§ **Captioned web images**
>>>>>

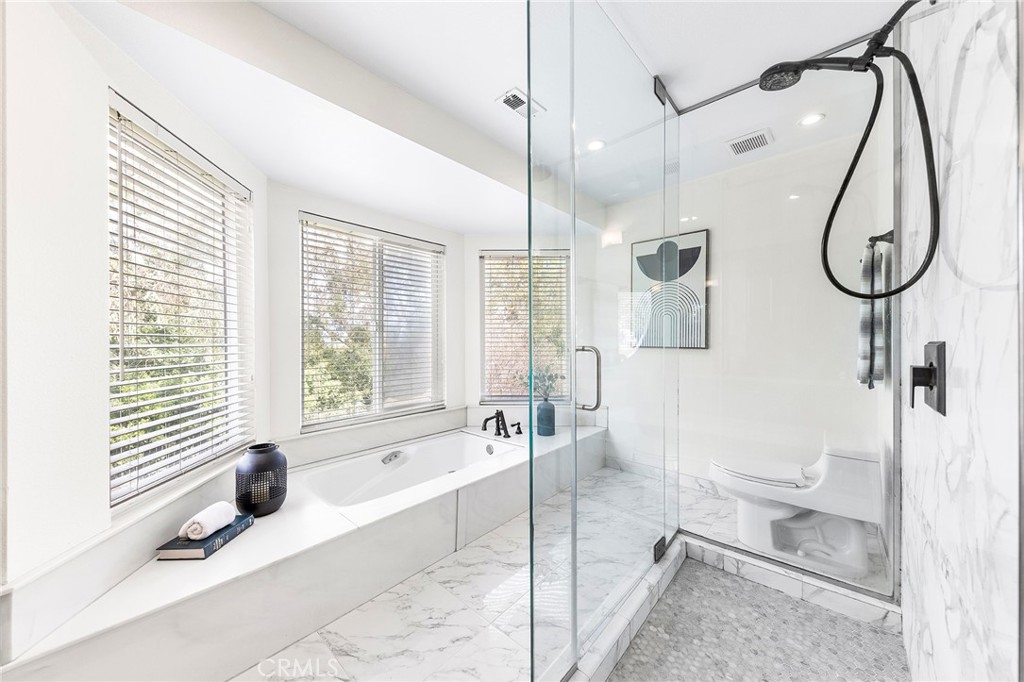 39 Viewpoint Circle Pomona, CA 91766 - Photo 36 of 49 a bathroom with a tub sink and mirror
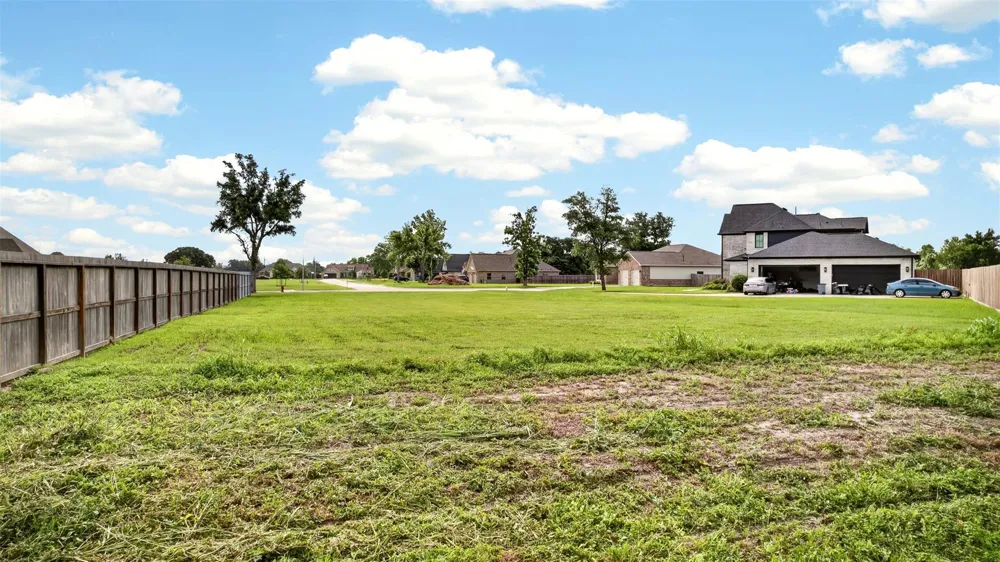 3158 W Tower Circle Santa Fe, TX 77517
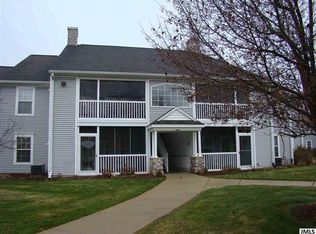 820 W Barrington Cir, Jackson, MI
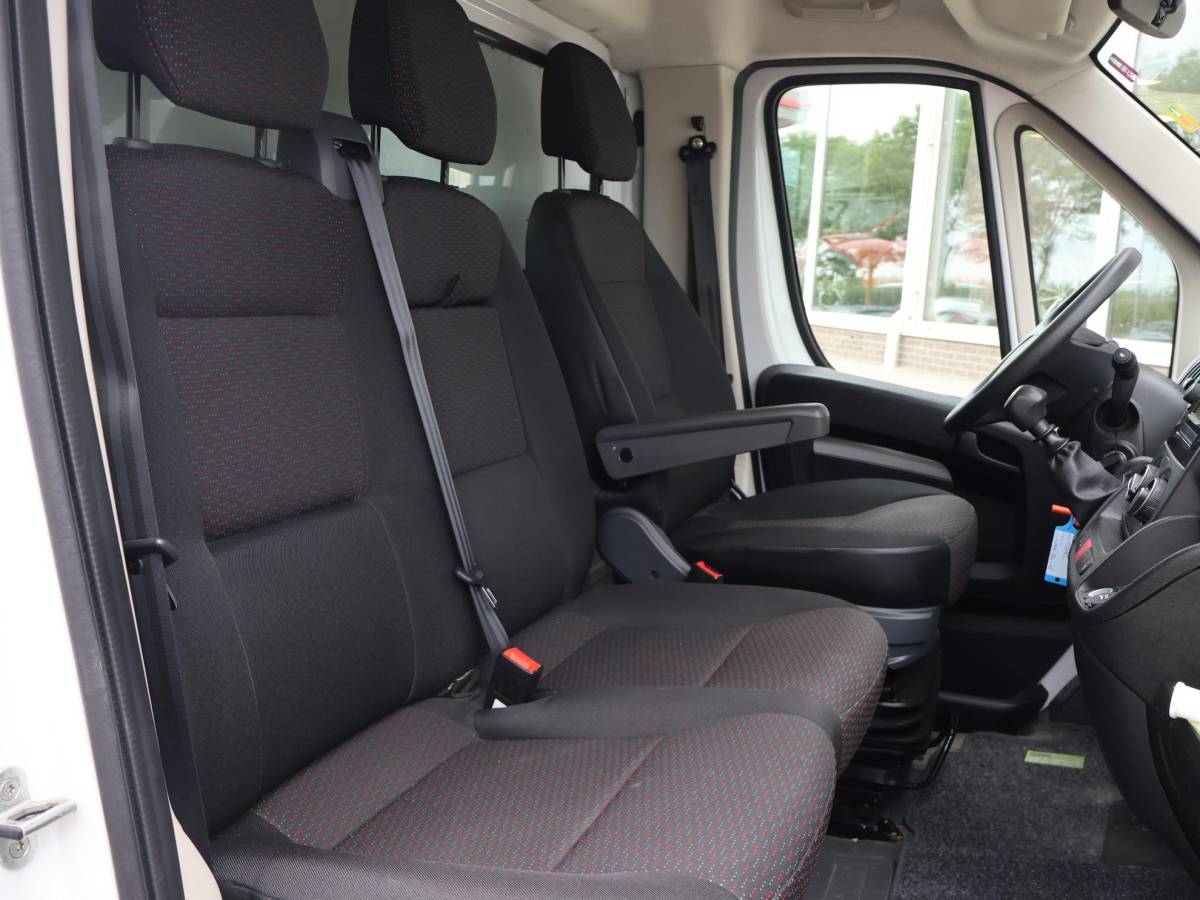 Opel Movano Opel Movano 2.2D 140 PK L4 MEUBELBAK + LAADKLEP | CRUISE | AIRCO | 420 CM LAADBAK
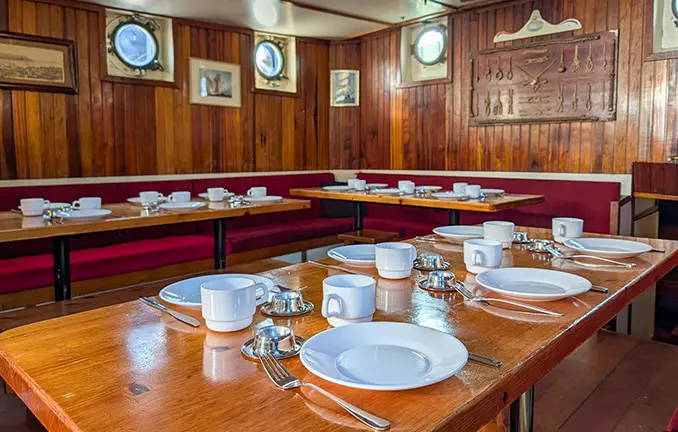 Tagesraum unter Deck (unbekannt - t-s-c.de) Plattbodenschiff Marie Galante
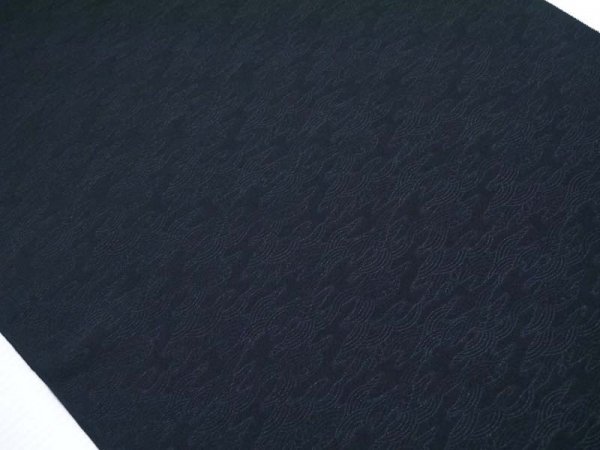 【KIRUKIRU】新古品「高級紋意匠 御羽織地 一ツ紋（五三桐）」羽織 反物 羽尺 正絹 黒 地紋 着物 呉服 和裁 古布 生地 材料 リメイク_画像4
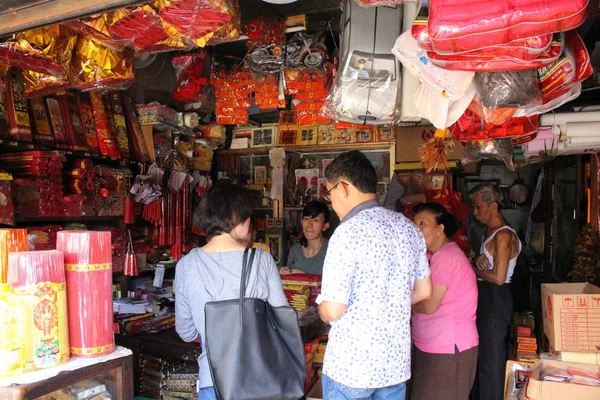 Старый магазин вокруг китайской общины "Бентенг" в Индонезии — стоковое фото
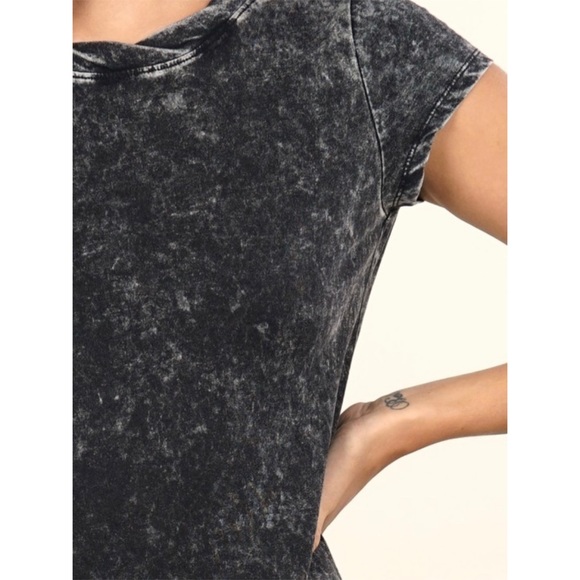 SOLD OUT - Picture 5 of 8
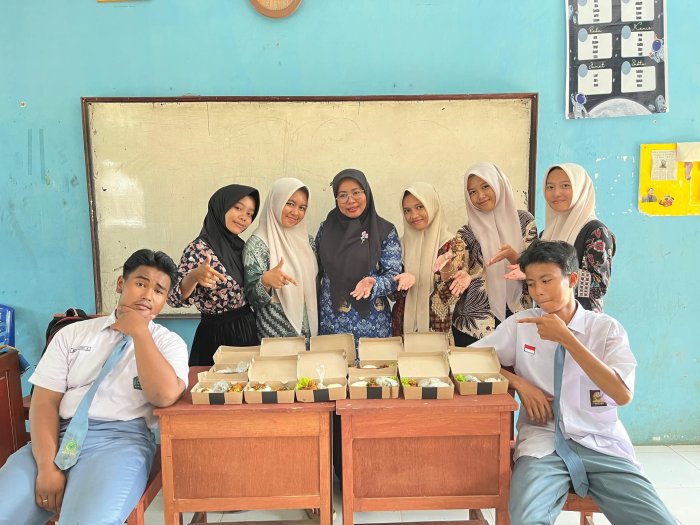 Siswa MAN 2 Tebo Praktik Olah Makanan Khas Daerah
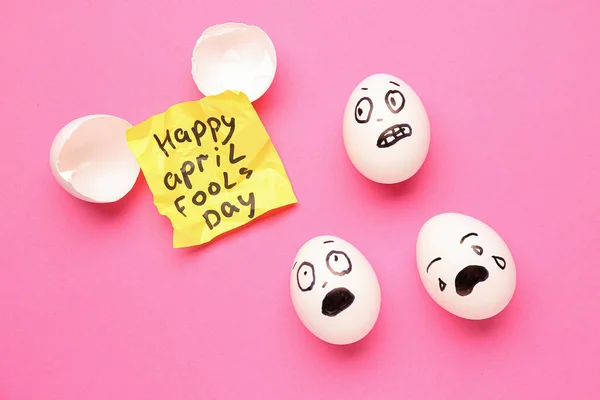 Papel Com Texto Happy Abril Fools Dia Ovos Sobre Fundo — Fotografia de Stock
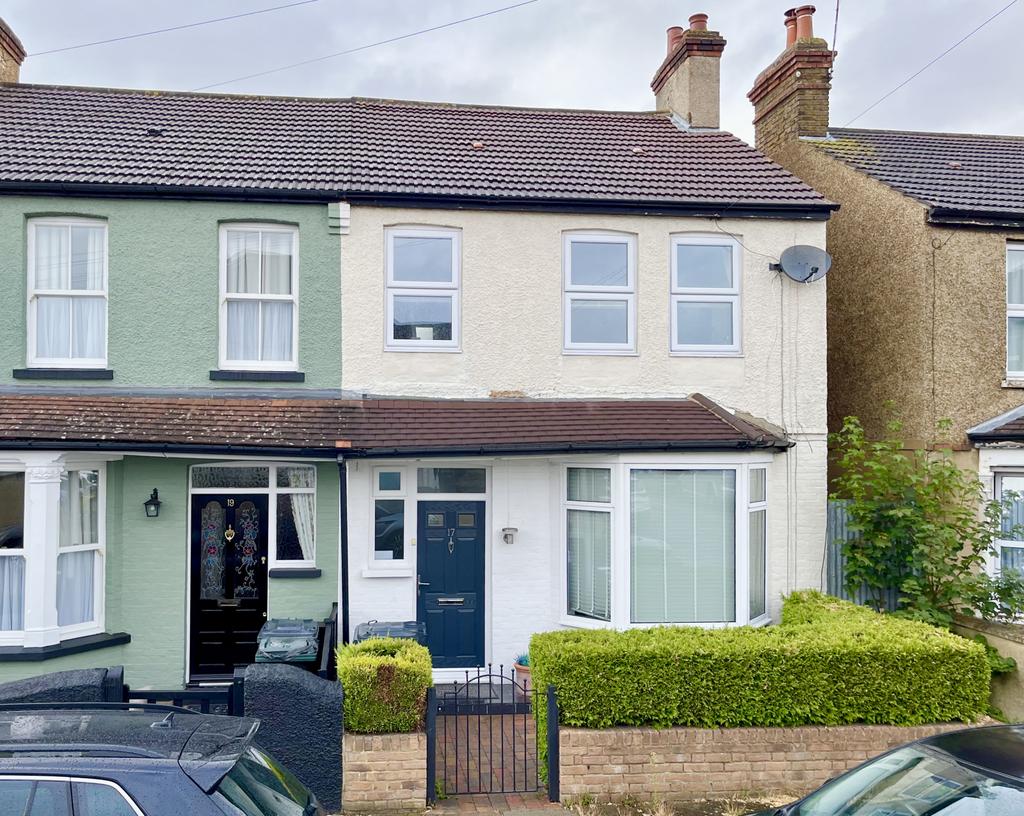 3 bed end terrace for sale Rochester Road, Dartfo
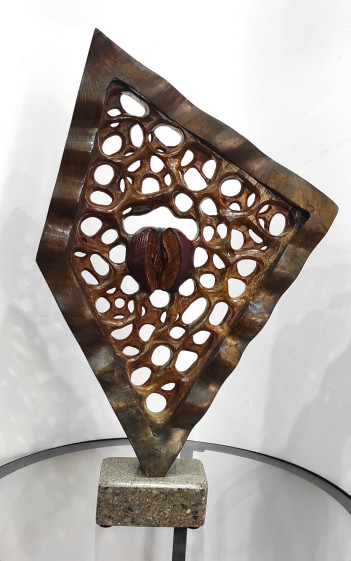 31. Kalinowski Kamil Martwa natura II drewno bejciwane wys. 49 cm, 2400, 1800zł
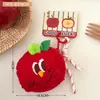 Muñeca de Manzana Pequeña de Dibujos Animados Lindos Set de Tres Piezas Colgante para Niñas, Monedero para Auriculares, Bolsa de Almacenamiento, Correa, Colgante Pequeño para Mochila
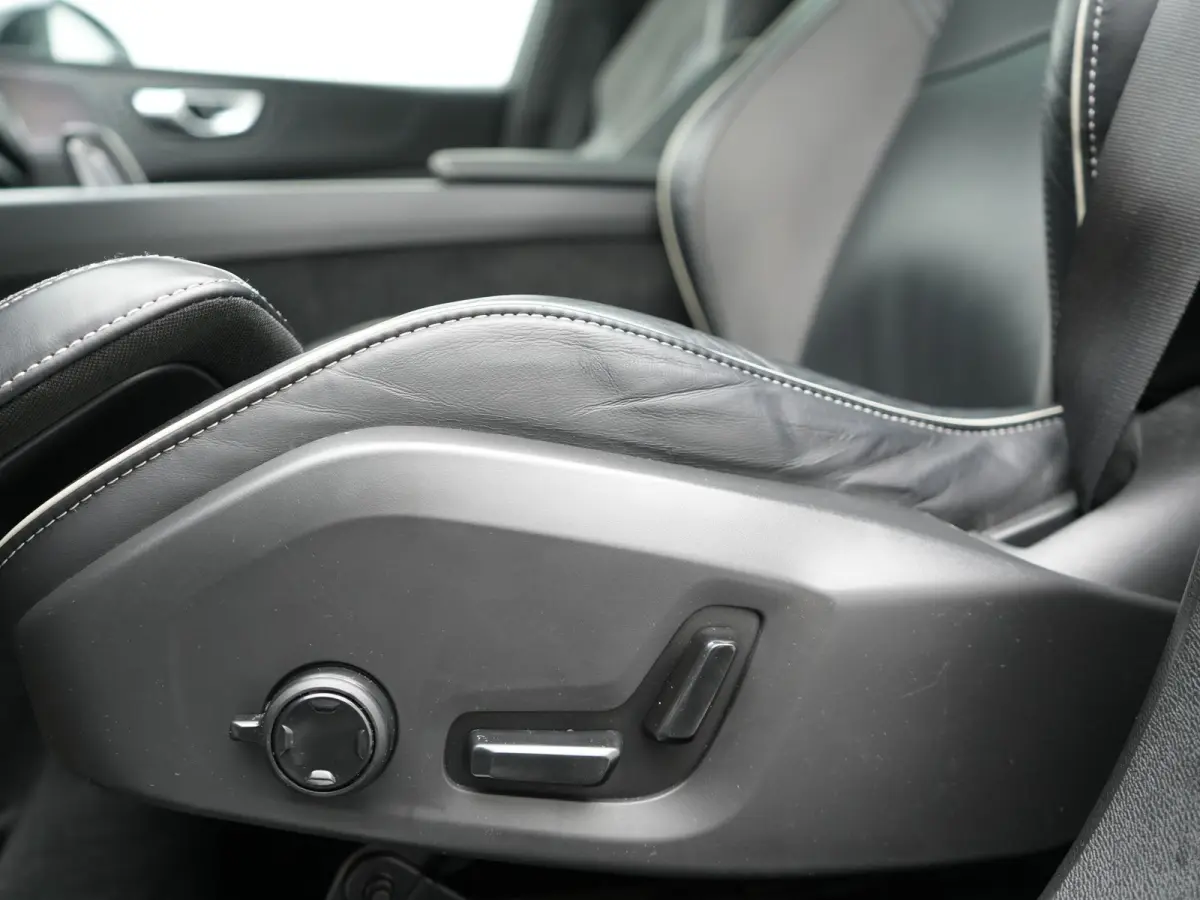 Recharge T8 AWD R-Design PHEV 391pk Dealer O.H. | Panodak | Luchtvering | Head Up | Camera | Harman & Kardon | Lederen Sportstoelen Memory & Verwarmd | 21"L.M | Apple Carplay | Keyless | Bli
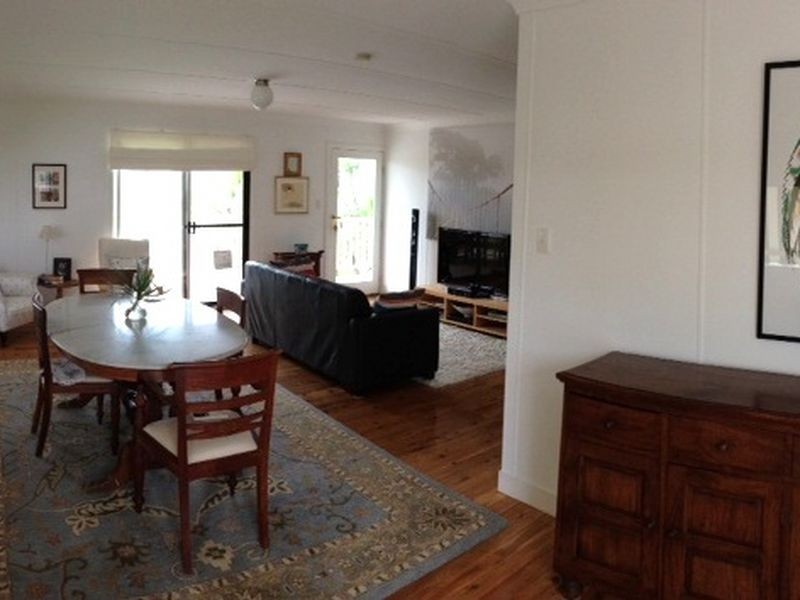 147 Canaipa Point Dve, Russell Island QLD 4184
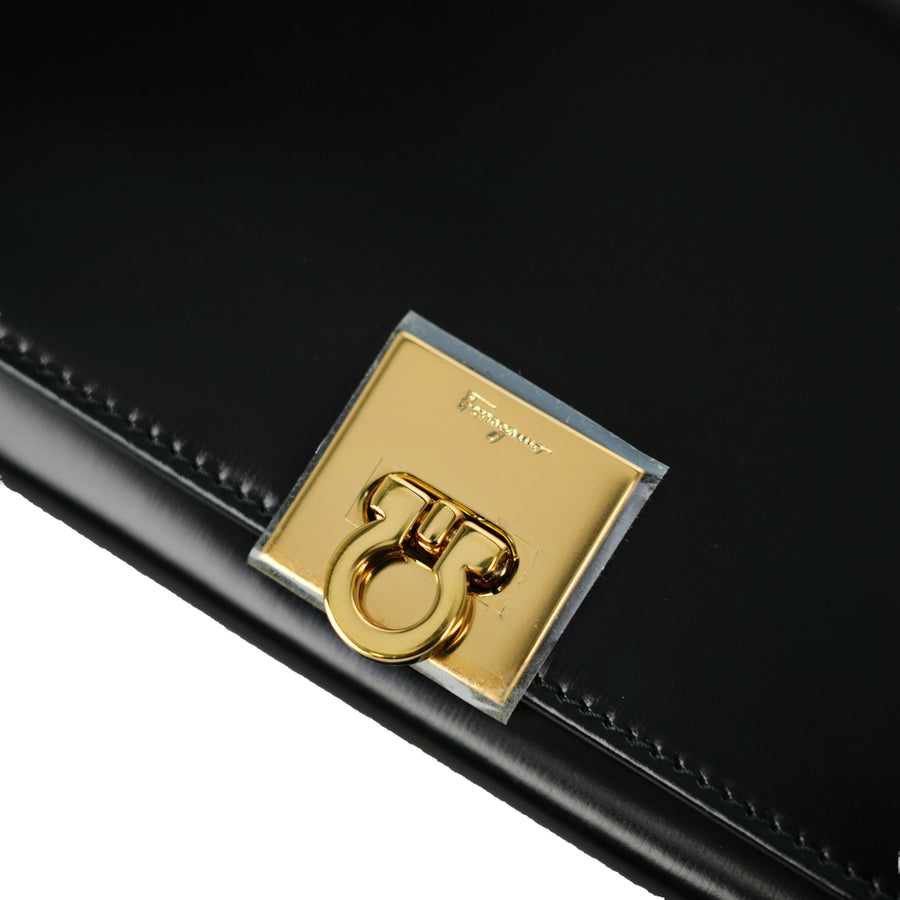 SALVATORE FERRAGAMO Gancini Long Wallet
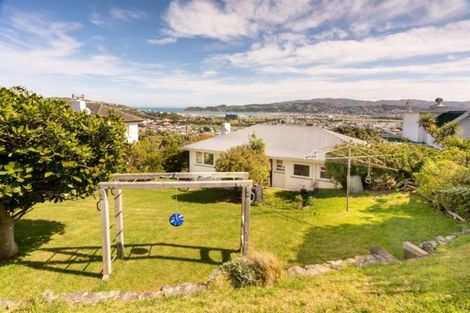 Photo of property in 22 Seatoun Heights Road, Seatoun, Wellington, 6022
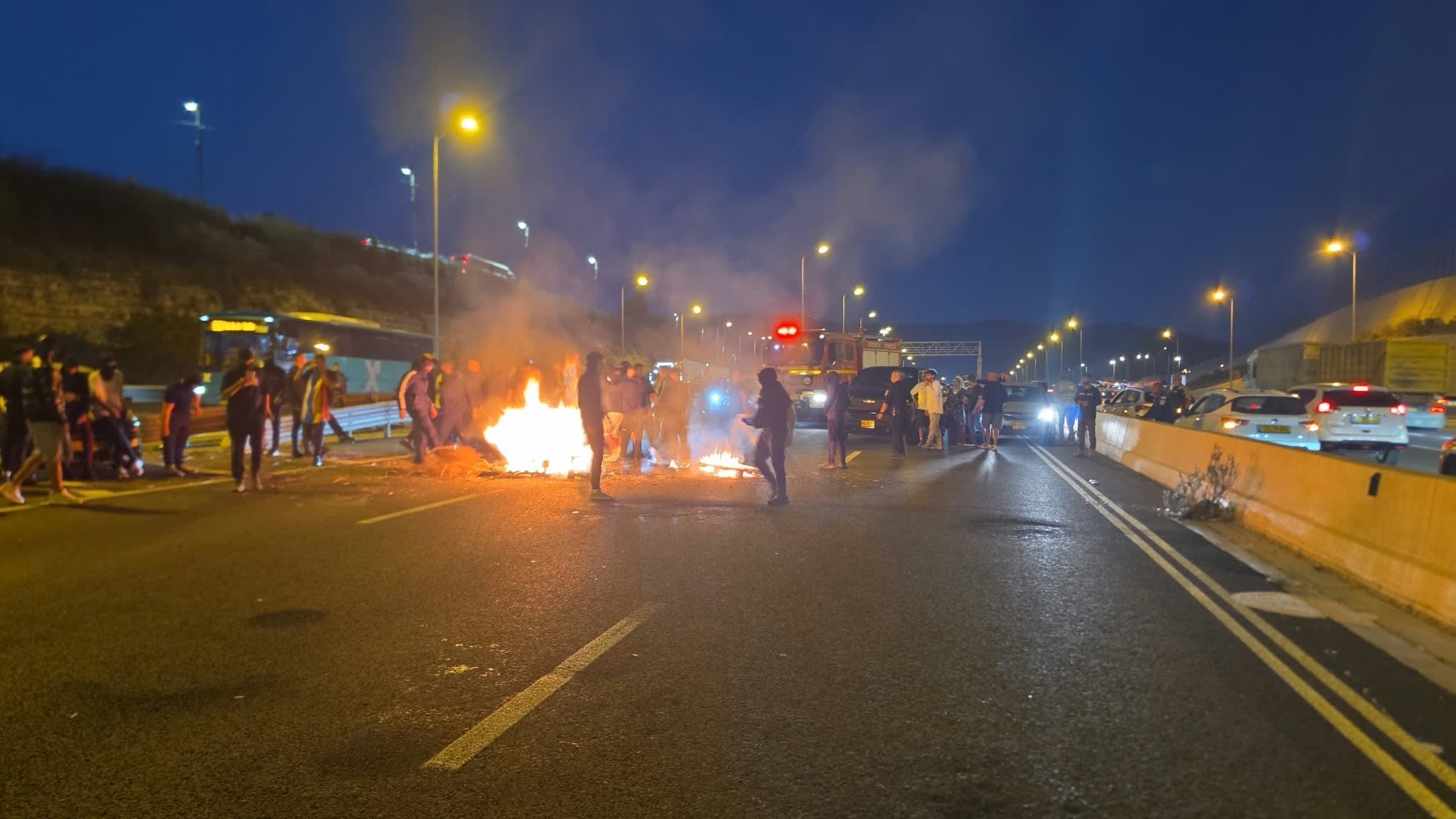 Burning tires, halted traffic: Druze protesters block Route 6 days ...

<<<<<

§ **Problem**
Output the records verbatim without pictures.

§ **Solution**
 39 Viewpoint Circle Pomona, CA 91766 - Photo 36 of 49 a bathroom with a tub sink and mirror
 3158 W Tower Circle Santa Fe, TX 77517
 820 W Barrington Cir, Jackson, MI
 Opel Movano Opel Movano 2.2D 140 PK L4 MEUBELBAK + LAADKLEP | CRUISE | AIRCO | 420 CM LAADBAK
 Tagesraum unter Deck (unbekannt - t-s-c.de) Plattbodenschiff Marie Galante
 【KIRUKIRU】新古品「高級紋意匠 御羽織地 一ツ紋（五三桐）」羽織 反物 羽尺 正絹 黒 地紋 着物 呉服 和裁 古布 生地 材料 リメイク_画像4
 Старый магазин вокруг китайской общины "Бентенг" в Индонезии — стоковое фото
 SOLD OUT - Picture 5 of 8
 Siswa MAN 2 Tebo Praktik Olah Makanan Khas Daerah
 Papel Com Texto Happy Abril Fools Dia Ovos Sobre Fundo — Fotografia de Stock
 3 bed end terrace for sale Rochester Road, Dartfo
 31. Kalinowski Kamil Martwa natura II drewno bejciwane wys. 49 cm, 2400, 1800zł
 Muñeca de Manzana Pequeña de Dibujos Animados Lindos Set de Tres Piezas Colgante para Niñas, Monedero para Auriculares, Bolsa de Almacenamiento, Correa, Colgante Pequeño para Mochila
 Recharge T8 AWD R-Design PHEV 391pk Dealer O.H. | Panodak | Luchtvering | Head Up | Camera | Harman & Kardon | Lederen Sportstoelen Memory & Verwarmd | 21"L.M | Apple Carplay | Keyless | Bli
 147 Canaipa Point Dve, Russell Island QLD 4184
 SALVATORE FERRAGAMO Gancini Long Wallet
 Photo of property in 22 Seatoun Heights Road, Seatoun, Wellington, 6022
 Burning tires, halted traffic: Druze protesters block Route 6 days ...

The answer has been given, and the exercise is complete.